Giles Parkinson 42:51
I guess Lorenzo it comes down to the cost of electrolyzers to a large degree, and in Australia, I think, electrolyzer so far is just one megawatt, and of course we need to get to a scale. I’m just thinking back, you know, you compared it at the start of this discussion to solar and battery storage. How certain are we that electrolyzers will follow that same cost path?
Lorenzo Ducci 43:13
Not an easy question Giles. So, no, I mean, as I said before, we met different electrolyzer manufacturing, and all of that. So most of them has clearly expressed the intention of reducing the cost through a road map that will scale up their production and the production processes. Another thing that we can say here is that the 50% of the capex is the electrolyzer stock.
So it’s up to the manufacturer to reduce that cost, but the other 50% is the BOP. In that case, I think that there is space to lower that, thanks to the economy of scale. So most of these two have huge potential in terms of production. So not only the technology itself, but also all the components that are related to the technology and to run the plant.
Giles Parkinson 44:14
Rupert can I just throw one final question to you, and that needs to be a short answer I think. CEFC is not really looking to support wind and solar projects, per se, but will actually do that in the context of the hydrogen economy, given that the further reduction in wind and solar and I guess that’s the upfront capital costs need to be reduced quite significantly for hydrogen to be viable.
Rupert Maloney 44:37
Yeah, no, we definitely look at there’s a whole lot of enablers for a hydrogen economy. Certainly renewable energy is a key enabler and their costs, and so we’ll look to support the right projects, in that sense. Also, innovation as well. With the hydrogen supply chain we need more innovation, we need to bring down those costs through innovation.

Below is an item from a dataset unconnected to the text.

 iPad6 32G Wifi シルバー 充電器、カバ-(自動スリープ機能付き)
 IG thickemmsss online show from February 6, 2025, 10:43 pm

We also have an innovation fund that’s actively looking at opportunities, some really exciting innovation coming out of Australian R&D in Australian universities. So we’ll have more to say on that shortly. So yeah, we’re looking across all the enablers.
Giles Parkinson 45:15
Good stuff. Well, I think we’ve just about to come to the end of allocated 45 minutes. So I would just like to thank all our guests. Kathryn Horlin from BHP. Thanks for joining us. Rupert Maloney from Clean Energy Finance Corporation. Lorenzo Ducci from Enel Green Power and Thomas Mach, doubling up on two different sessions from Rio Tinto. Thank you very much. And thanks for the opportunity.
Thanks for listening into this session, which doubles up as an episode of Energy Insiders. You can find us on the Renew Economy website. And I look forward to more discussion and more announcements about the green hydrogen economy as we go forward. So thank you very much everyone.